This exercise asks for the entries to be repeated exactly, without their images.

_GIVEN INFORMATION_:
● ● ●

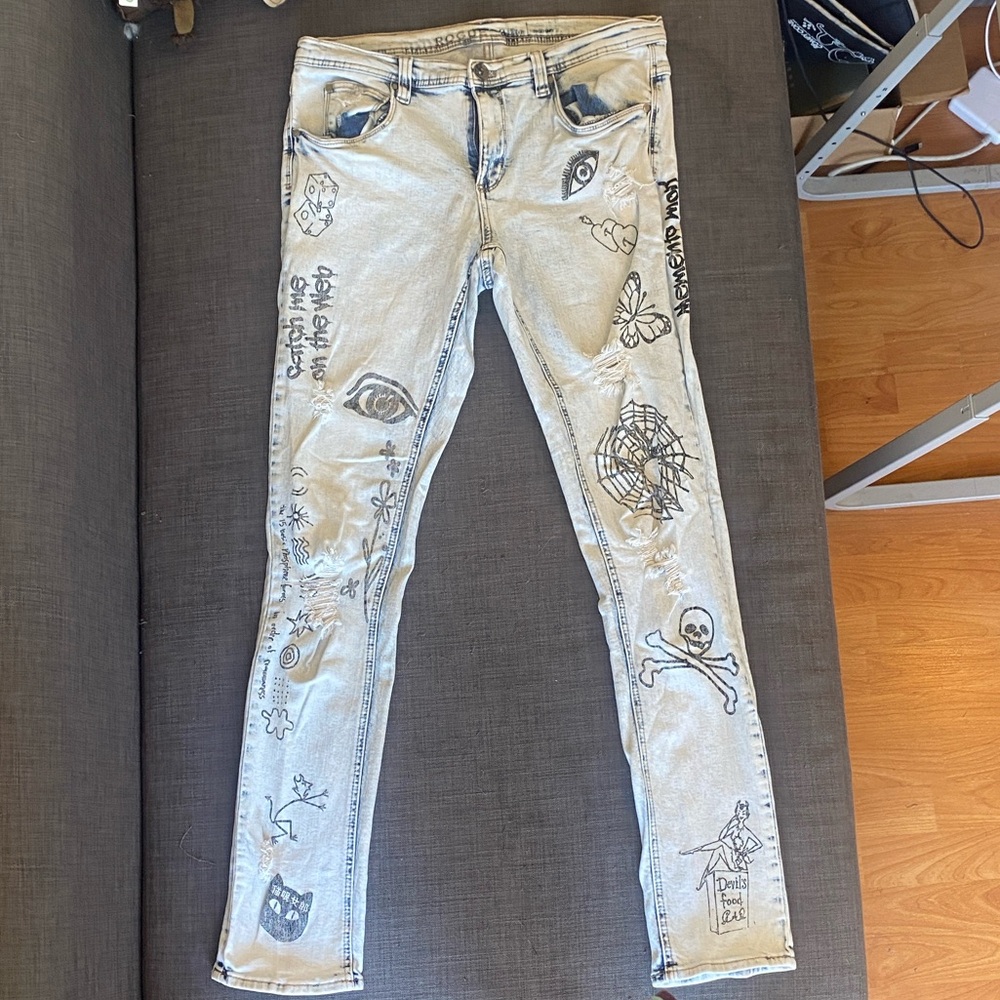 Rogue Mid Rise Light Blue Graphic Skinny Jeans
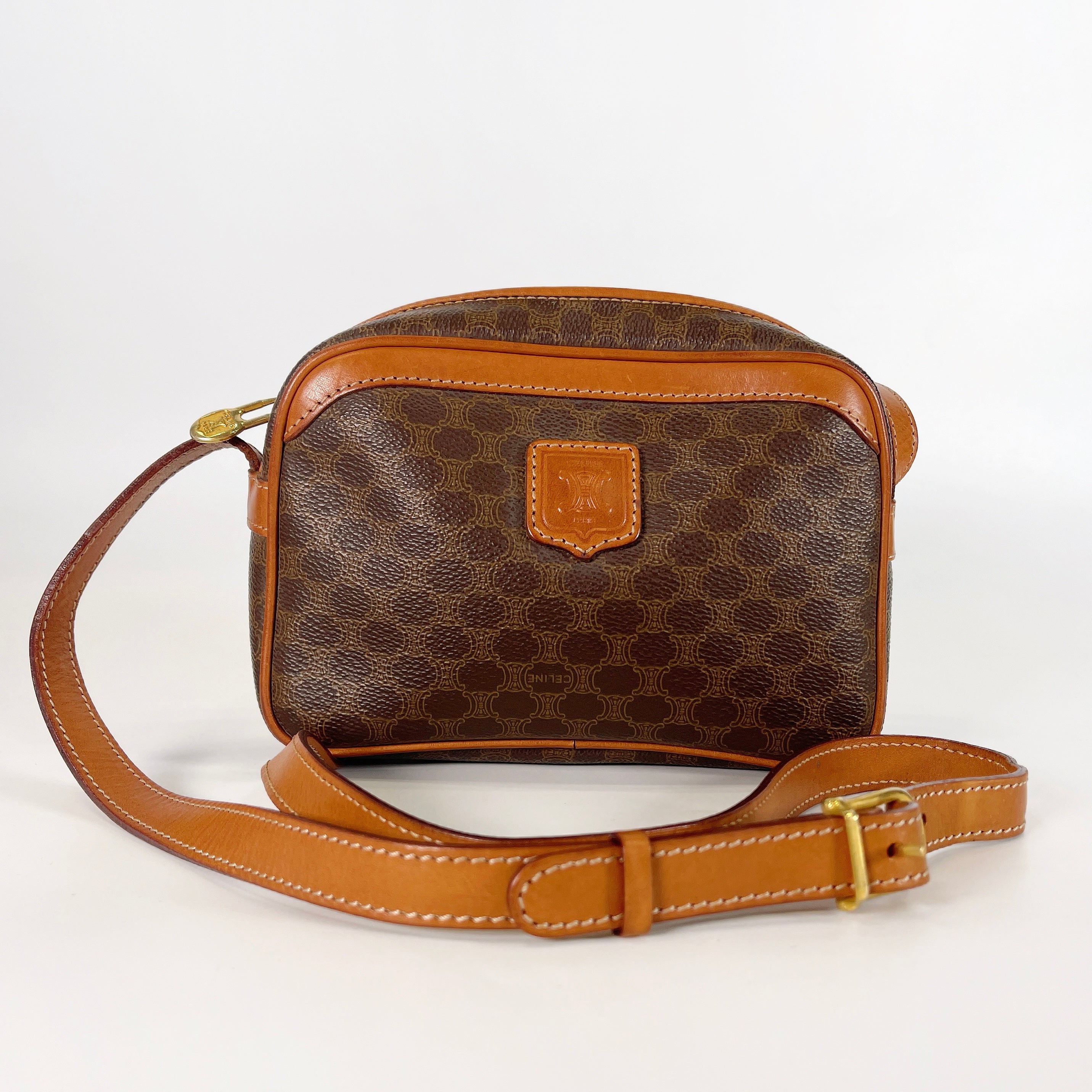 2604 secondhand CELINE Macadam Shoulder bag
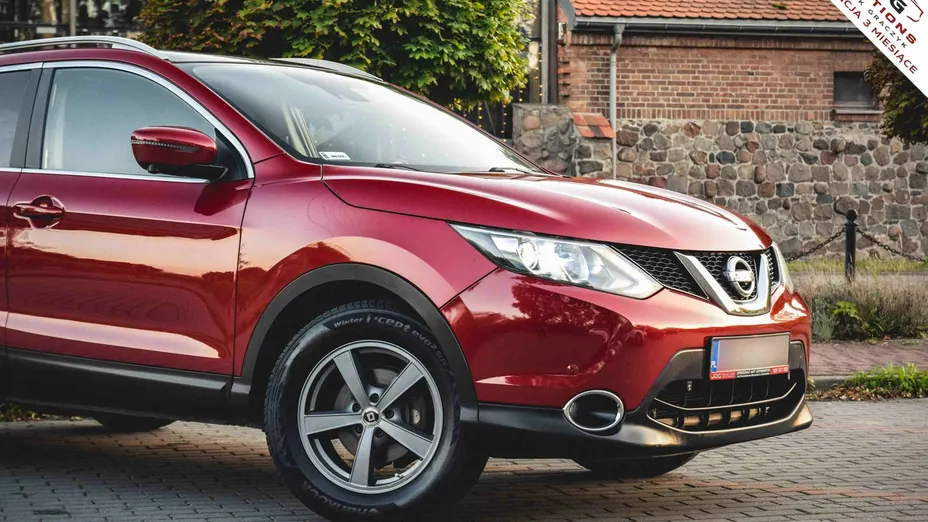 NISSAN Qashqai -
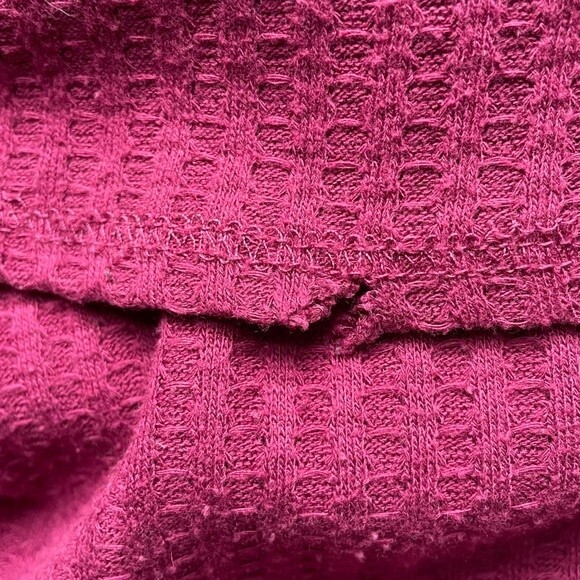 Chaser Waffle Knit Pullover Hoodie Curved Hem Top Raspberry Women’s Size Small - Picture 8 of 10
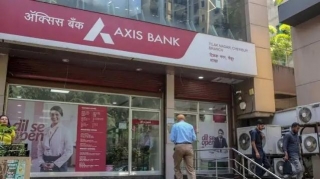 Axis Bank Reports Strong Q4 Results: Net Profit Soars, NII Rises 11%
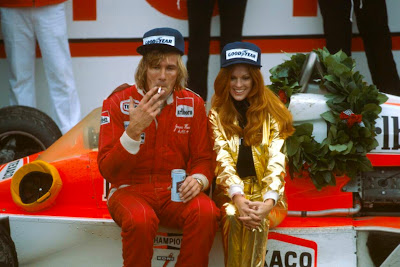 Джеймс Хант после победы на Гран-при США 1977 с сигаретой пивом и девчонкой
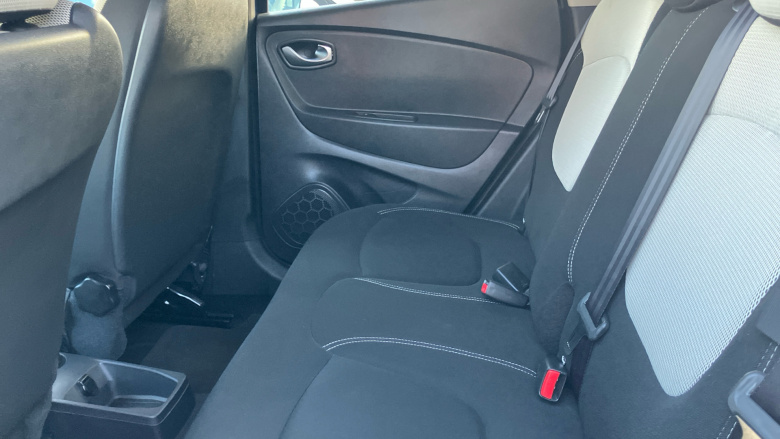 Renault Captur 1.3 TCE 150 Iconic 5dr EDC Petrol Hatchback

● ● ●

_REPLY TO THE EXERCISE_:
 Rogue Mid Rise Light Blue Graphic Skinny Jeans
 2604 secondhand CELINE Macadam Shoulder bag
 NISSAN Qashqai -
 Chaser Waffle Knit Pullover Hoodie Curved Hem Top Raspberry Women’s Size Small - Picture 8 of 10
 Axis Bank Reports Strong Q4 Results: Net Profit Soars, NII Rises 11%
 Джеймс Хант после победы на Гран-при США 1977 с сигаретой пивом и девчонкой
 Renault Captur 1.3 TCE 150 Iconic 5dr EDC Petrol Hatchback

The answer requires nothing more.